A peripheral circulating compartment
of natural naive CD4+ Tregs (original) (raw)
Subsets of naive CD4+CD25+ Tregs in human peripheral blood. Human naive and memory T cells can be distinguished by the reciprocal expression of CD45RA or CD45RO isoforms (19). Staining of peripheral blood T cells with antibodies to CD45RA, CD45RO, and CD25 revealed 4 subsets of CD4+ T cells: 1 naive CD45RA+(RO–)CD25– subset, a clearly distinct CD45RA+(RO–)CD25+ population, and 2 memory subsets, 1 CD45RA–(RO+) population expressing intermediate levels of CD25, which we will define as CD45RA–CD25–, and the previously described CD45RA–(RO+)CD25high population corresponding to Tregs (Figure 1B; compare with Figure 1A). Both CD45RA+CD25– and CD25+ cells expressed high levels of CD62L and CCR7, which were also expressed by a large proportion of Tregs. CD45RA+CD25+ cells and Tregs expressed higher ex vivo levels of CTLA-4 as compared with their corresponding CD25– counterpart populations (Figure 1C; Table 1). To assess the ex vivo expression of FOXP3 in the 4 defined CD4+ subsets, highly purified naive and antigen-experienced CD4+CD25+ and CD25– T cell populations were obtained using a procedure that involved magnetic isolation of CD4+ T cells from circulating peripheral lymphocytes followed by separation of the 4 populations by FACS cell sorting. Semiquantitative PCR analysis of the sorted populations revealed that detectable ex vivo expression of FOXP3 was confined to the CD45RA+CD25+ cell and Treg subsets (Figure 1D). It is noteworthy that the ex vivo expression level of FOXP3 in the CD45RA+CD25+ population, as assessed by real-time PCR, was comparable to that found in Tregs.

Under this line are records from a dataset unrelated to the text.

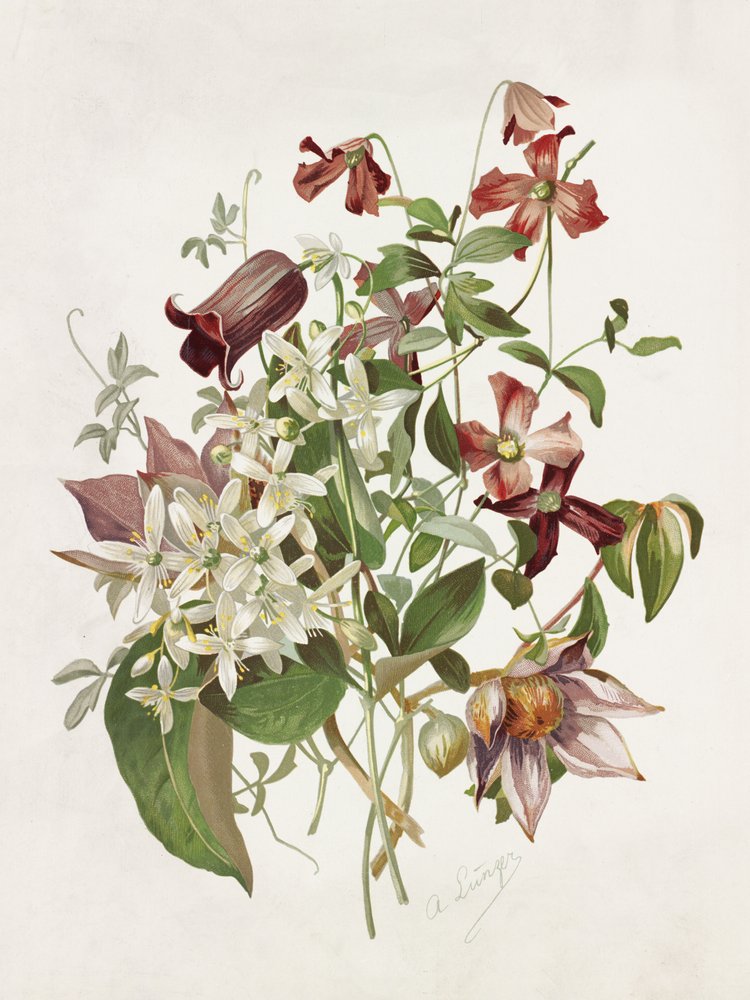 Clematis door Alois Lunzer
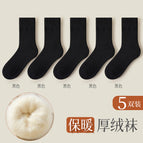 Velvet and thickening [5 pairs] 5 black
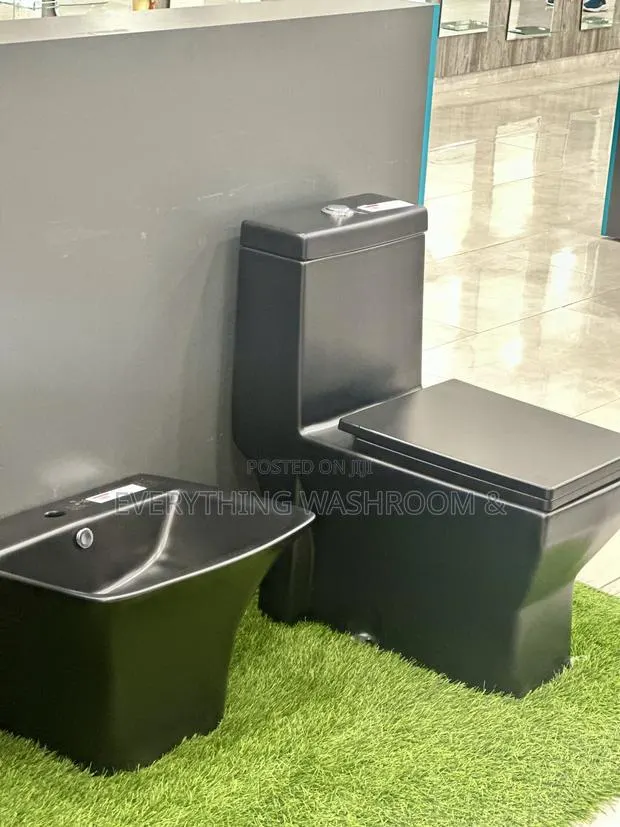 Black Water Closet and Hanging Basin_ Heavy Master Bed Wc · Photo 1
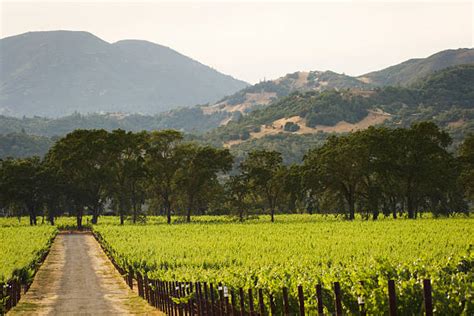 30 Napa Valley Vine Trail Stock Photos Pictures And Royalty Free Images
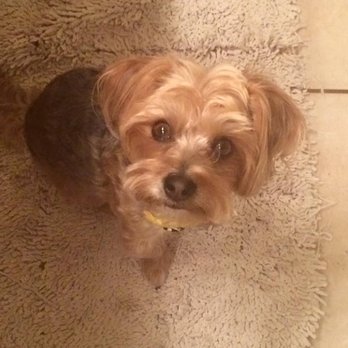 Paw Spa - Pet Groomers Near Me - Hesperia, California Paw Spa - Pet Groomers Near Me - Hesperia, California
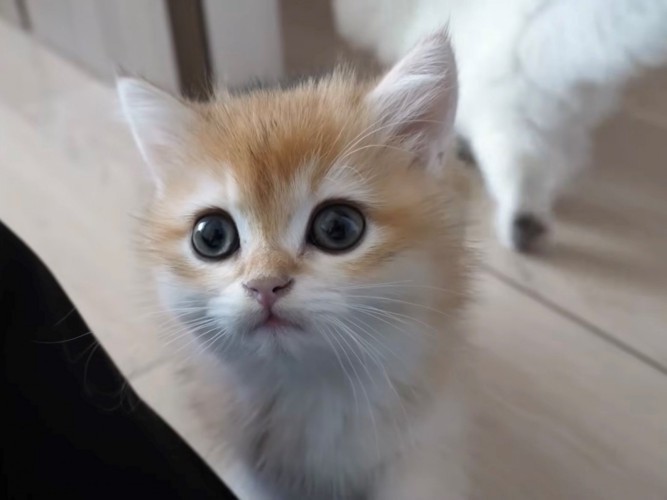 右方向に目線が向いている子猫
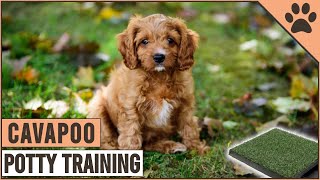 How To Potty Train A Cavapoo Puppy  Dog World [upl. by Willin]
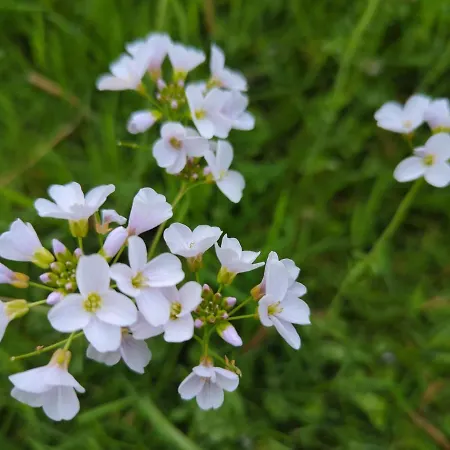 Des Genets En Terrasses * Bièvre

Expression of CD25 and CD45RA defines 4 distinct subsets of peripheral blood CD4+ T cells. Peripheral blood lymphocytes were stained with monoclonal antibodies to CD3, CD4, CD25, and CD45RA, which identified 4 major subsets. (A) Gated on lymphocytes. (B) Gated on CD4+ T cells. (C) CD4+ T cell subsets were further analyzed for the expression of CD45RO, CCR7, CD62L, and CTLA-4. Numbers indicate percentages of CCR7- or CD62L-expressing cells. (D) FOXP3 gene expression was assessed by conventional and by quantitative real-time PCR on the corresponding 4 sorted populations. For the PCR, an example from a representative donor is shown. Δ Rn is the difference between the Rn (emission intensity of the reporter dye/emission intensity of the passive reference) of the sample (PCR reaction with cDNA template) and the Rn of a control (PCR reaction without cDNA template or early cycles of a real-time reaction). Real-time PCR data are shown as the mean values obtained from 3 independent donors.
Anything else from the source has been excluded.